20 December 2013 - 12 minute read

Overfitting is a well-known problem ‒ and one would expect clever statisticians and scientists not to succumb to its temptations. But what amounts to overfitting can occur more subtly through the collective behaviour of many individuals within an organisation or across many organisations. Here we describe how such "meta-overfitting" may be endemic in finance as well as other fields of research.

Mark Twain is often quoted as saying, "It ain't what you don't know that gets you into trouble. It's what you know for sure that just ain't so." A perennial problem in both science is distinguishing signal ‒ predictable effects that are likely to persist ‒ from noise ‒ random fluctuations. A common pitfall is to misidentify noise as signal and bet that it will persist. When this is done, incorrect conclusions can lead to undesirable consequences such as ineffective drugs.

Recent articles in The Economist, Nature and elsewhere suggest that this problem is more common than has been generally appreciated in the scientific literature [1, 2, 3, 4]. Publication bias is the issue they address: the tendency for papers that detect some effect to be published over papers reporting a null result. When this bias is compounded by the confusion of noise with signal ‒ so that a false positive occurs ‒ the result is that many published conclusions are actually wrong.

Here we highlight how these issues are also relevant to the world of finance, with equally serious consequences. Whether it is investors having to wade through advertising literature from fund managers, or "quants" inside banks having to pick and weight strategies, there is the potential for noise to get confused with signal. As with publication bias, when one selectively picks apparently well performing investments based on noisy estimates of their true performance, then they may be overly optimistic about what to expect in the future, and therefore make poor investment decisions.

Noise can be confused with signal in many ways. Some of which are well-known and easy to avoid while others are more insidious and threaten the reliability of whole areas of scientific and financial research. In this paper, we introduce the reader to some basic concepts and terms, discuss the ways in which one can be misled, before going through possible solutions.

Hypothesis testing and “p-values”

We begin with two workhorses of statistics: significance testing and p-values.

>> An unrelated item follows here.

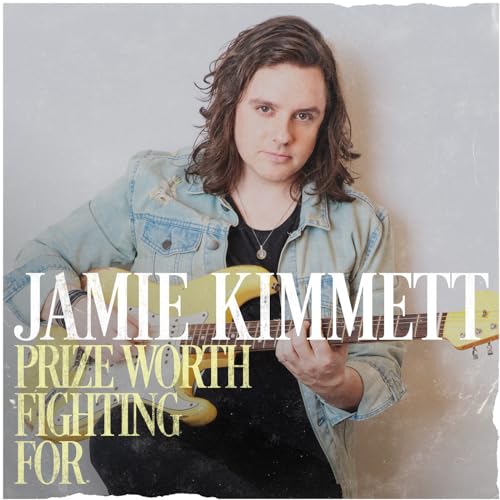 Prize Worth Fighting For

In many areas of science, "null hypothesis significance testing" has become the standard framework for testing hypotheses. In this framework, we start by specifying a null hypothesis. You can think of this as effectively what we are going to believe unless there is strong evidence against it. Our data is then condensed into a statistic, and its "p-value" is determined. This is the probability of getting a value of the statistic as extreme or more extreme than that observed if the null hypothesis is true. A small p-value means that either a very unlikely event has occurred, or the null hypothesis is false. Small enough, and we are inclined to reject the null hypothesis.

The null hypothesis is analogous to the presumption of innocence in a criminal court. In finance, an appropriate null hypothesis is often that price changes are not predictable. The statistic we often consider is the historical performance of an investment strategy, which is expected to be zero. If the p-value ‒ the probability of obtaining the observed historical trading performance due to chance alone ‒ is sufficiently small we feel justified in rejecting the null hypothesis and we would adopt an alternative explanation instead.

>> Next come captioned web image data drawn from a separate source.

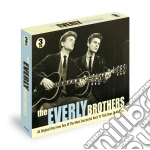 Everly Brothers (The) - Original Recordings (3 Cd) cd
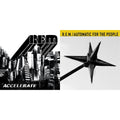 Automatic For The People (25Th Anniversary Deluxe Edition) & Accelerate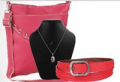 Jabong: Bags, Jewellery And Belts: Buy 1 Get 1 Free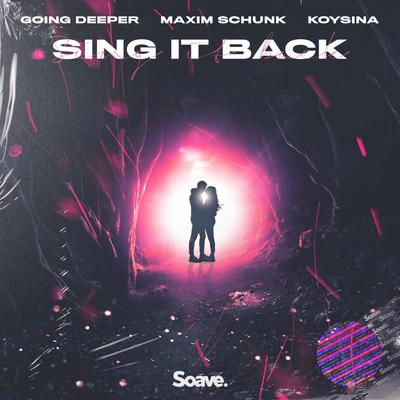 Sing It Back's cover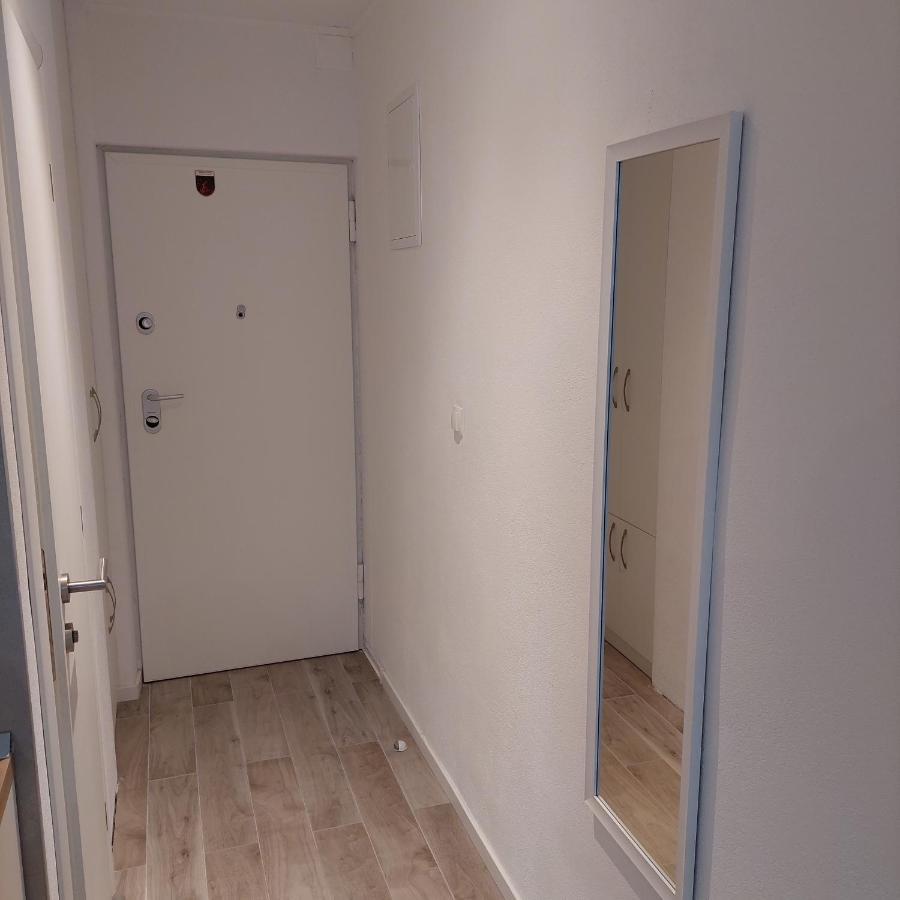 Nice And Modern Apartment Emili Split Kültér fotó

As an example, suppose a researcher presents a strategy that has a historical Sharpe ratio of 0.6. We can calculate the distribution of Sharpe ratios we would get from skill-free strategies that buy and sell entirely at random over the same time period. This is the red distribution in Figure 1. We find that only 0.2% of these random strategies have Sharpe ratios better than 0.6. That means there's a probability (a p-value) of only 0.002 of getting such a high Sharpe ratio if the strategy has no skill. So with some confidence we conclude that it “works”.      

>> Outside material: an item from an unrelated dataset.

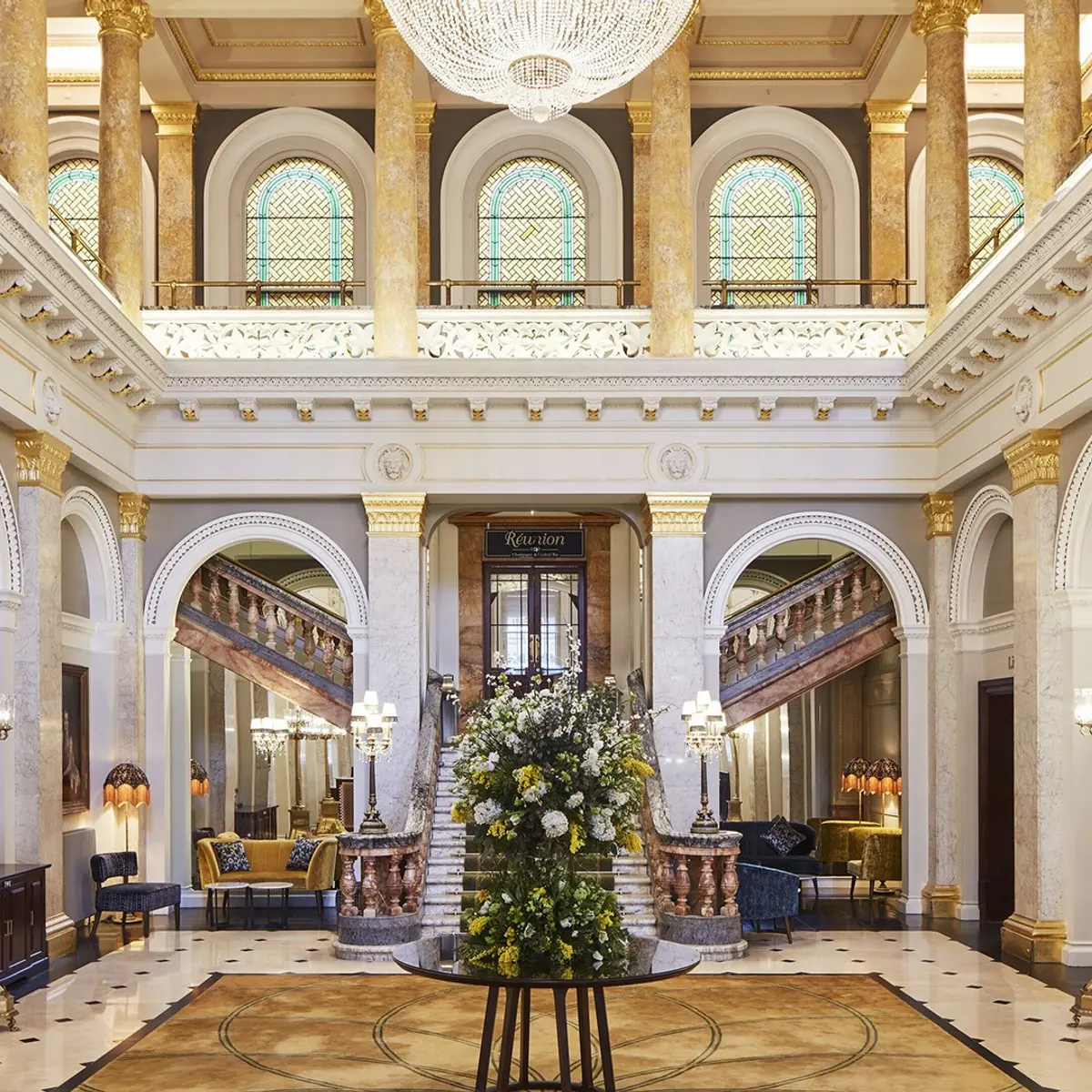 The Clermont, Victoria, London, United Kingdom 1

Figure 1: Skill-free performance distribution

The performance distribution, as measured by the Sharpe ratio, of skill-free trading strategies, over 23 years.In this example, the probability of obtaining a Sharpe ratio better than 0.6 is only 0.002. This is the “p-value".

How to confuse signal and noise

Various research practices can lead to unreliable results, and overconfidence in rejecting a null hypothesis. The root cause is often similar but the label given depends on the context.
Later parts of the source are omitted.